[Swift-devel] ssh:pbs to beagle
Ketan Maheshwari
ketancmaheshwari at gmail.com
Thu Apr 28 14:14:00 CDT 2011
Ok, I am trying a manual coaster setup from bridled (service, swift) to beagle (worker.pl).
--Ketan
On Apr 28, 2011, at 2:11 PM, Michael Wilde wrote:
> As far as I can tell from the swift-devel archives, the only feature for disabling coaster security is the -nosec option of the coaster-service command.
>
> - Mike
>
>
> ----- Original Message -----
>> Now I think you need to create the same proxy on the Beagle side.
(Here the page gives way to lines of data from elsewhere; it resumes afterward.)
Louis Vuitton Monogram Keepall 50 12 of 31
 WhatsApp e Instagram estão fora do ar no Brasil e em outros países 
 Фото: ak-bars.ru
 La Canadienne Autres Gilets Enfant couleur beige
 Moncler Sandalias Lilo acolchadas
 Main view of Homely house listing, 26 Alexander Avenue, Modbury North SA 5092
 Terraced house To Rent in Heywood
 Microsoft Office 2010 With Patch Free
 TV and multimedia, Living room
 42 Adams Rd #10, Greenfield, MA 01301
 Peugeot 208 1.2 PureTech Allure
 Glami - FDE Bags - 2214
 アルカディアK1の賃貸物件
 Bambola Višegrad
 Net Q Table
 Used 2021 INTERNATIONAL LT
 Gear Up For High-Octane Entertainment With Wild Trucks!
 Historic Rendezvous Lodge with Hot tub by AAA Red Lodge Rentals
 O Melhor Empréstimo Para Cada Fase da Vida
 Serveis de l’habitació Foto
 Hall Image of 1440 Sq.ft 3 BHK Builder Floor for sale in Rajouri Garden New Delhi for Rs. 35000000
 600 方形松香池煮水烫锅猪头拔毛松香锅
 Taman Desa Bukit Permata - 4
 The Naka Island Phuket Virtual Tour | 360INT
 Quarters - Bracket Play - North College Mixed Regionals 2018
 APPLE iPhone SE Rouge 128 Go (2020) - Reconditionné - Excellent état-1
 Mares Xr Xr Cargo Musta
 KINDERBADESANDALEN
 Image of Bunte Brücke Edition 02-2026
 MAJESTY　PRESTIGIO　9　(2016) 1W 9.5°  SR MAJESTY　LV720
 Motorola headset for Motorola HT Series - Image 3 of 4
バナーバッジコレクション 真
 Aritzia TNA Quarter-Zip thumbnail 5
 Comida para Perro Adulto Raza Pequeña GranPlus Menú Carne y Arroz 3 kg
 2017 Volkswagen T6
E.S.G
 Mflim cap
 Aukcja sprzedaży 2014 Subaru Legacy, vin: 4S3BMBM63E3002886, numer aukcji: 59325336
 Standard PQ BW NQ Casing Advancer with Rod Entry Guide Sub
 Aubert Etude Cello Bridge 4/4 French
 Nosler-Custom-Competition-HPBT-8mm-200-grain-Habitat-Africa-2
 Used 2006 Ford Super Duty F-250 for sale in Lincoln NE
For
>> starters, just try copying your proxy file from /tmp on communicado to
>> /tmp on the Beagle login node on which you are running Swift. Later
>> you can do this by creating a proxy on the Beagle size using
>> grid-proxy-init, but you'll need to install CA certs there.
>>
>> Also, have you considered running a passive coaster server on the
>> communicado side, and just having Beagle worker.pl scripts connect
>> back to it?
>>
>> - Mike
>>
>> ----- Original Message -----
>>> Ok, I got past CredentialException with grid-proxy-init, now I am
>>> facing this (note: I have turned on provider staging) :
>>>
>>> ========
>>> [ketan at bridled catsn.works]$ swift -config cf -tc.file tc
>>> -sites.file
>>> beagle-coaster-ssh-pbs.xml catsn.swift -n=1
>>> Swift svn swift-r4252 (swift modified locally) cog-r3088 (cog
>>> modified
>>> locally)
>>>
>>> RunID: 20110428-1332-llaa031f
>>> Progress:
>>> Could not start connection handler
>>> java.io.EOFException
>>> at
>>> org.globus.gsi.gssapi.net.impl.GSIGssInputStream.readHandshakeToken(GSIGssInputStream.java:61)
>>> at
>>> org.globus.gsi.gssapi.net.impl.GSIGssSocket.readToken(GSIGssSocket.java:65)
>>> at
>>> org.globus.gsi.gssapi.net.GssSocket.authenticateServer(GssSocket.java:127)
>>> at
>>> org.globus.gsi.gssapi.net.GssSocket.startHandshake(GssSocket.java:147)
>>> at
>>> org.globus.gsi.gssapi.net.GssSocket.getInputStream(GssSocket.java:177)
>>> at
>>> org.globus.cog.karajan.workflow.service.channels.AbstractTCPChannel.setSocket(AbstractTCPChannel.java:30)
>>> at
>>> org.globus.cog.karajan.workflow.service.channels.GSSChannel.<init>(GSSChannel.java:47)
>>> at
>>> org.globus.cog.karajan.workflow.service.ConnectionHandler.<init>(ConnectionHandler.java:41)
>>> at
>>> org.globus.cog.abstraction.coaster.service.local.LocalService.handleConnection(LocalService.java:63)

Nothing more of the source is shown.